The full listing, copied exactly and free of pictures, is the expected reply.

(Source material)
--*--

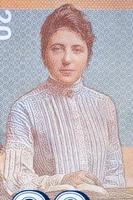 Portrait of a woman from Czechoslovak money photo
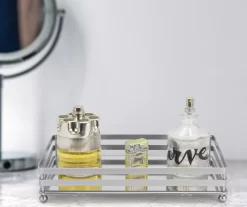 Brookstone 2-Bar Mirrored Vanity Tray -Deco Haven Shop 810625043 B0 3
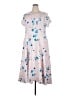 Lane Bryant Floral Blue Casual Dress Size 18 - photo 1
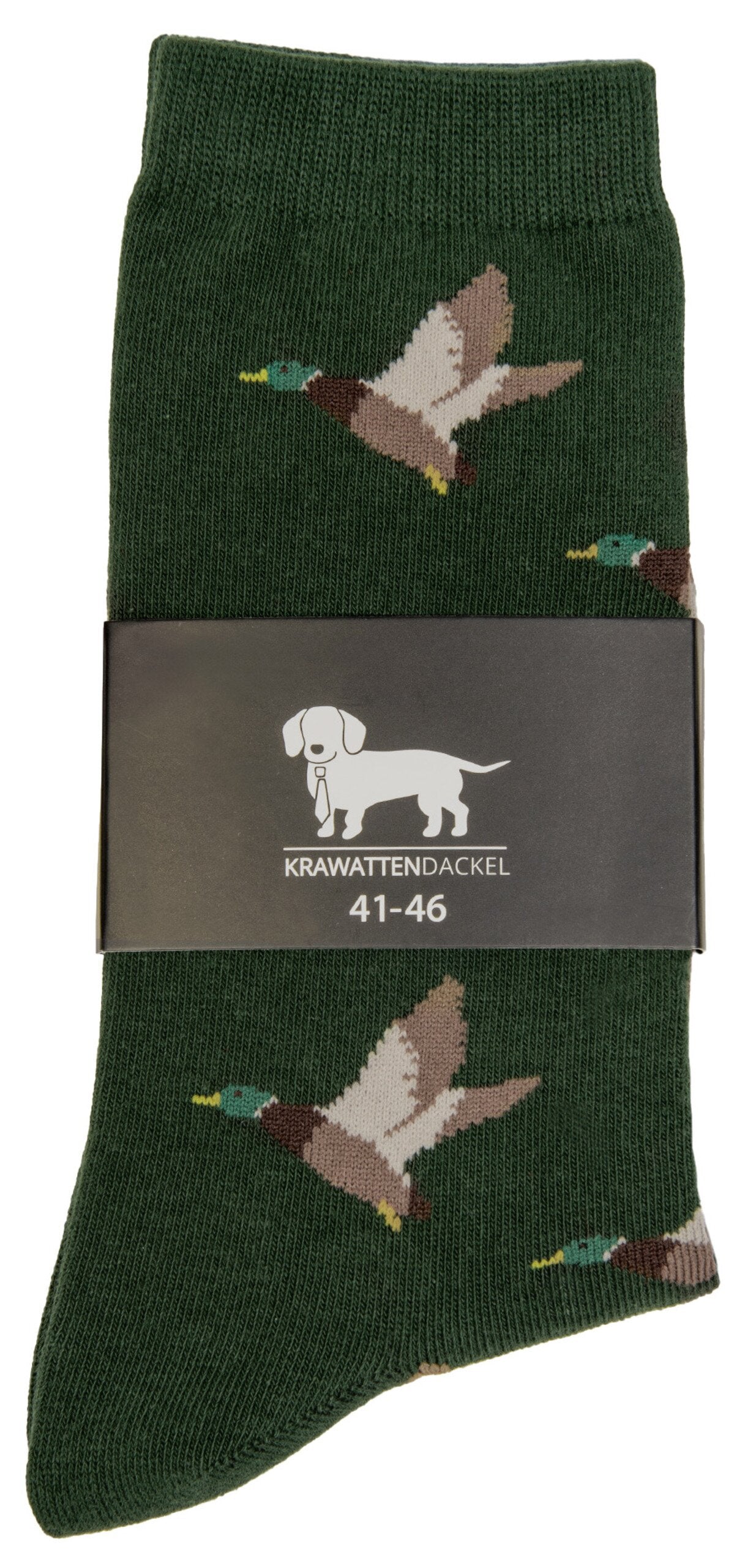 Bequeme Krawattendackel Socken mit lustigem Entenmotiv – ideal für Herren & Damen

--*--

(Task result)
 Portrait of a woman from Czechoslovak money photo
 Brookstone 2-Bar Mirrored Vanity Tray -Deco Haven Shop 810625043 B0 3
 Lane Bryant Floral Blue Casual Dress Size 18 - photo 1
 Bequeme Krawattendackel Socken mit lustigem Entenmotiv – ideal für Herren & Damen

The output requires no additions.